I've done some research, and I'm hoping someone can check me. My question was this:
Assume I have the function f(x) = \frac{(x-3)(x+2)}{(x-3)}, so it has removable discontinuity at x = 3. We remove that discontinuity with algebra: f(x) = \frac{(x-3)(x+2)}{(x-3)} = (x+2). BUT, the graph of the first function has a hole at x = 3, and the graph of the second function is continuous everywhere. How can they be "equal" if one has a hole and the other does not?
I think that this is the answer:
Because the original function is undefined at the point x = 3, we have to restrict the domain to \mathbb{R} \setminus 3. And when we manipulate that function with algebra, the final result, f(x) = (x + 2) is still using this restricted domain.
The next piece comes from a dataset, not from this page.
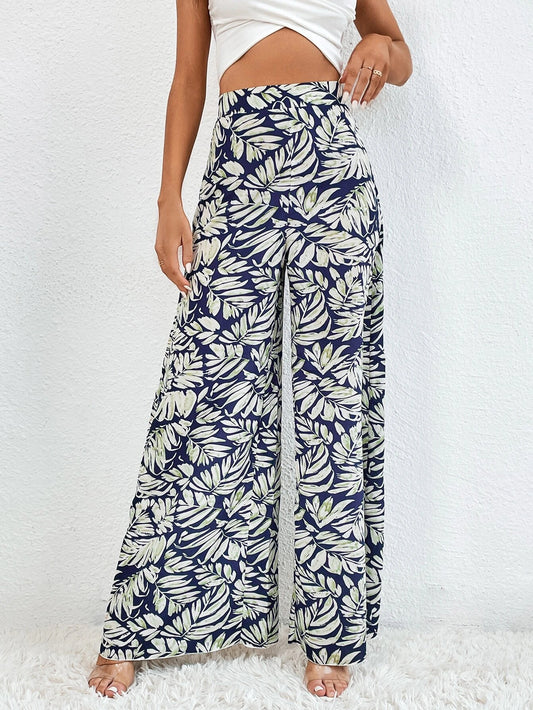 Wide Leg Pants with Tall Allover Plant Print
So even though the function f(x) = (x+2) would not have a hole if the domain were all of \mathbb{R}, we are sort of "imposing" a hole at x = 3 by continuing to throw that point out of the domain.
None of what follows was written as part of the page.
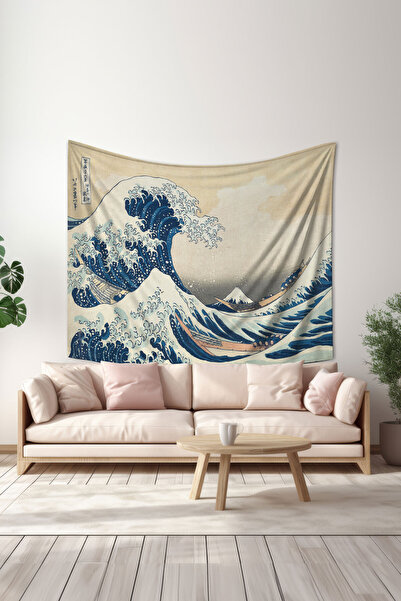 Moud's Канагава вълнообразен мотив стенно покритие стенен килим гоблен суед т...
And then just to close the loop: Removing the removable discontinuity is useful because it allows us to "pretend" that we're working with a function that is everywhere continuous, which helps us easily find the limit. But the reality is that the function f(x) = (x +2) is actually NOT continuous everywhere when we restrict the domain by throwing out the point 3. Or am I now taking things too far?
Thanks in advance!
EDIT: For anyone coming across this in the future, in addition to the excellent answers below, I also found this other question about the continuity of functions with removable discontinuities helpful.